What to debate now? Of course, primetime narrative can draw from that emergency reservoir of placing all criminal acts in the context of “larger” (read more divisive and byte-inducing) questions of lawlessness, political arrogance and administrative apathy. Now that’s a fits-in-all situation template for debates which expect political fireworks on party lines. So in this case, Congress representatives on one of the programmes launched a scathing attack on the “anarchy” in Punjab under Akali rule, while Akali talking heads (including Deputy Chief Minister Sukhbir Singh Badal, and Media Advisor to Punjab CM Parkash Singh Badal, Harcharan Bains) were putting up a defensive act and even resorting to occasional counter-attacks. Of course, all that on party lines.

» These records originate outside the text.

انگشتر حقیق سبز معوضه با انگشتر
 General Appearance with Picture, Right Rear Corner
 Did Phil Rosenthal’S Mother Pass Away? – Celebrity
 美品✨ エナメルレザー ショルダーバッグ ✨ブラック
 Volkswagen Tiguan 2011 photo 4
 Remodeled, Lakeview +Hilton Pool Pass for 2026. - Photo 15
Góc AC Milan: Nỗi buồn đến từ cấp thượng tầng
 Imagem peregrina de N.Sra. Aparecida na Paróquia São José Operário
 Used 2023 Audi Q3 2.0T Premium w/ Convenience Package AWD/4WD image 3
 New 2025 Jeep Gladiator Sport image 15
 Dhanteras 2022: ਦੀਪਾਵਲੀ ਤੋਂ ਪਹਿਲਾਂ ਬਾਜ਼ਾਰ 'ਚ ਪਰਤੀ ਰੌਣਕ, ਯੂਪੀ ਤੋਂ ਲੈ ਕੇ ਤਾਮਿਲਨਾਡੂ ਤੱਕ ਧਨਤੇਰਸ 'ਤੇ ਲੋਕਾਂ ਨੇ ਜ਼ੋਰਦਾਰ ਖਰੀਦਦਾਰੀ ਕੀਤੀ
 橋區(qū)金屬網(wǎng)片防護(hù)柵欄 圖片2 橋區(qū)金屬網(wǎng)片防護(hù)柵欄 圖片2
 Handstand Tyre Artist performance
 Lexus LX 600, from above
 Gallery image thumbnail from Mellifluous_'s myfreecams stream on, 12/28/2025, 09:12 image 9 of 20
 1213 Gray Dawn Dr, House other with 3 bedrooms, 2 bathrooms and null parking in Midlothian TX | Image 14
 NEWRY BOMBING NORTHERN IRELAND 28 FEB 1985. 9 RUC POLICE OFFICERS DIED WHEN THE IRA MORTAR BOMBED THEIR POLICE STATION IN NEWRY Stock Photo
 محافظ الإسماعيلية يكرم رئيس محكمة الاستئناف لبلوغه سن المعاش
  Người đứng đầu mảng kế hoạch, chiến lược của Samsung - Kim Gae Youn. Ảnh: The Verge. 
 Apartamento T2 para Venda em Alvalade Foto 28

Self-deluding journalistic statesmanship and media’s confined idea of “political”

That’s when the journalistic “statesmanship” somehow takes over the moderators (Arnab on Times Now, Rajdeep on CNN-IBN and Sonia Singh on NDTV) and they resort to that vacuity which somehow rings well with the “apolitical” urban middle class – “please do not politicise the tragedy”. Well, inviting counteractive political forces on the panel could not have yielded any different result (and it would be safe to guess that their presence was sought for producing a “political” effect). In the process, it exposes how limited news media’s understanding of the “political” is.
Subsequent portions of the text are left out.